Task prompt:
Return the lines of the material below exactly, beginning with the line that has "Film Aksi 13" in it and finishing with the line that has "Préparer et réussir" in it. Leave all pictures aside.

[[ Excerpted records open ]]

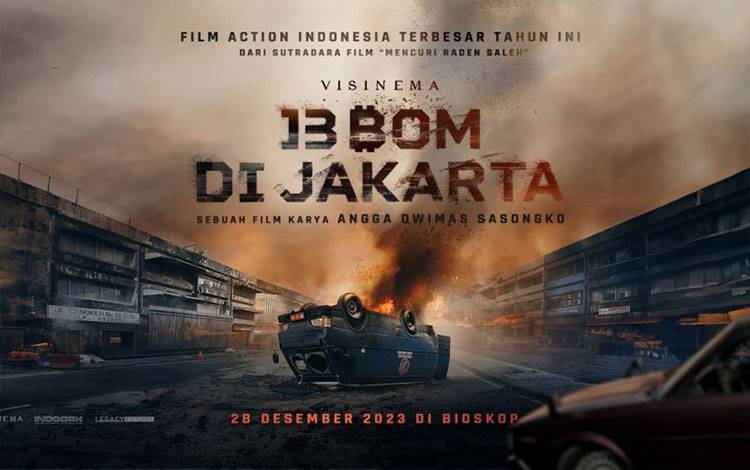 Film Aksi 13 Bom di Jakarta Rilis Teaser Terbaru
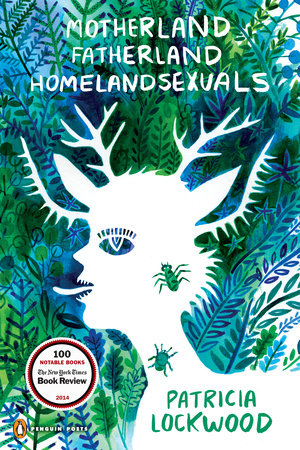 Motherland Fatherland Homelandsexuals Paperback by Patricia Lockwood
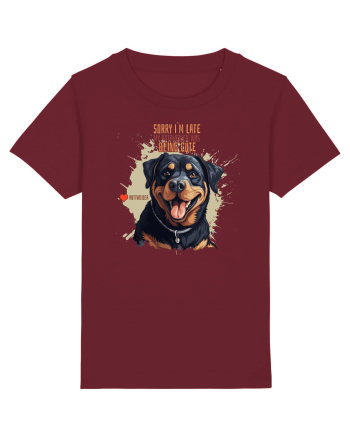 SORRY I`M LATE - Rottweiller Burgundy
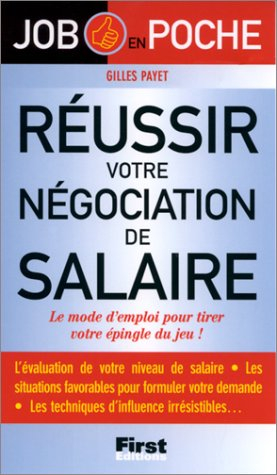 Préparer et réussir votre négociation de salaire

[[ Excerpted records closed ]]
[[ Excerpted records open ]]

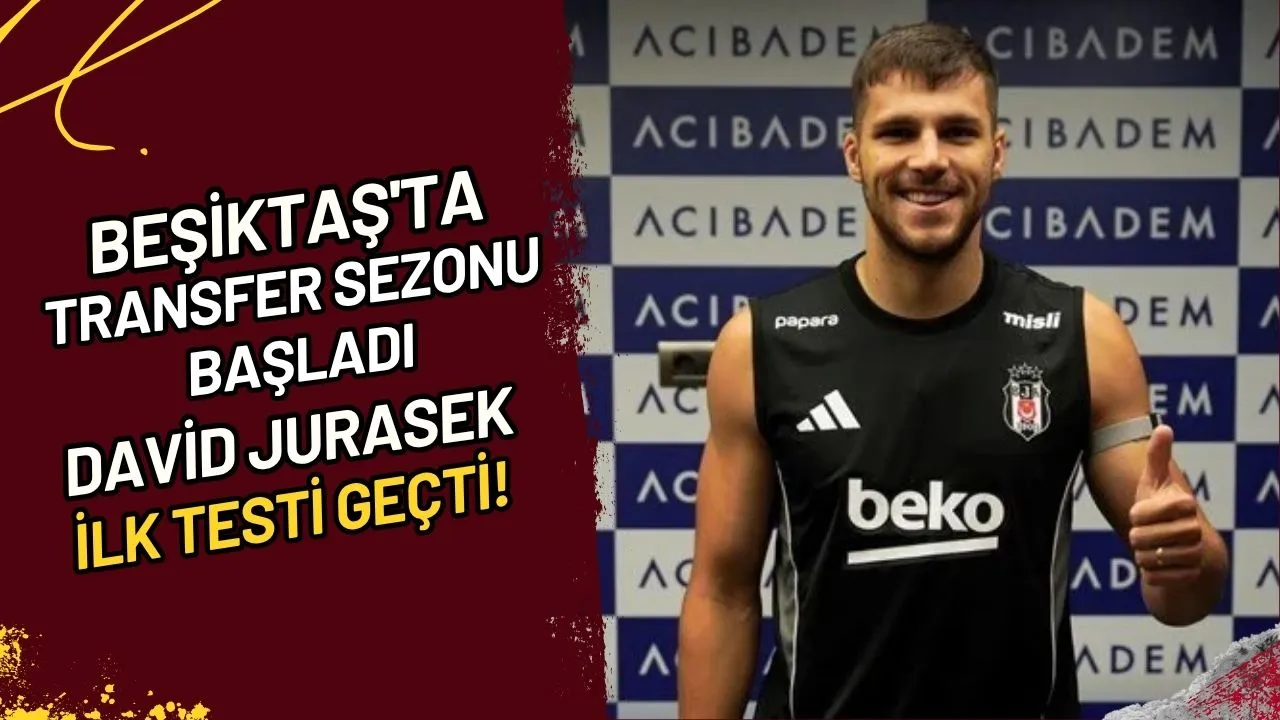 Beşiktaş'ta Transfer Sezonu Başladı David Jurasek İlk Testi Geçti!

[[ Excerpted records closed ]]
[[ Excerpted records open ]]

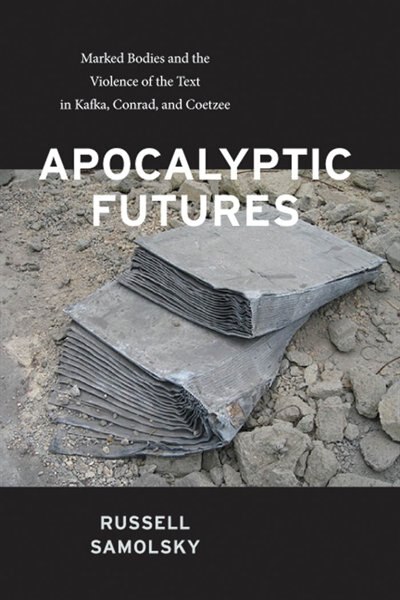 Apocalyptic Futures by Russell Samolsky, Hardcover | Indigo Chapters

[[ Excerpted records closed ]]

Finished task:
 Film Aksi 13 Bom di Jakarta Rilis Teaser Terbaru
 Motherland Fatherland Homelandsexuals Paperback by Patricia Lockwood
 SORRY I`M LATE - Rottweiller Burgundy
 Préparer et réussir votre négociation de salaire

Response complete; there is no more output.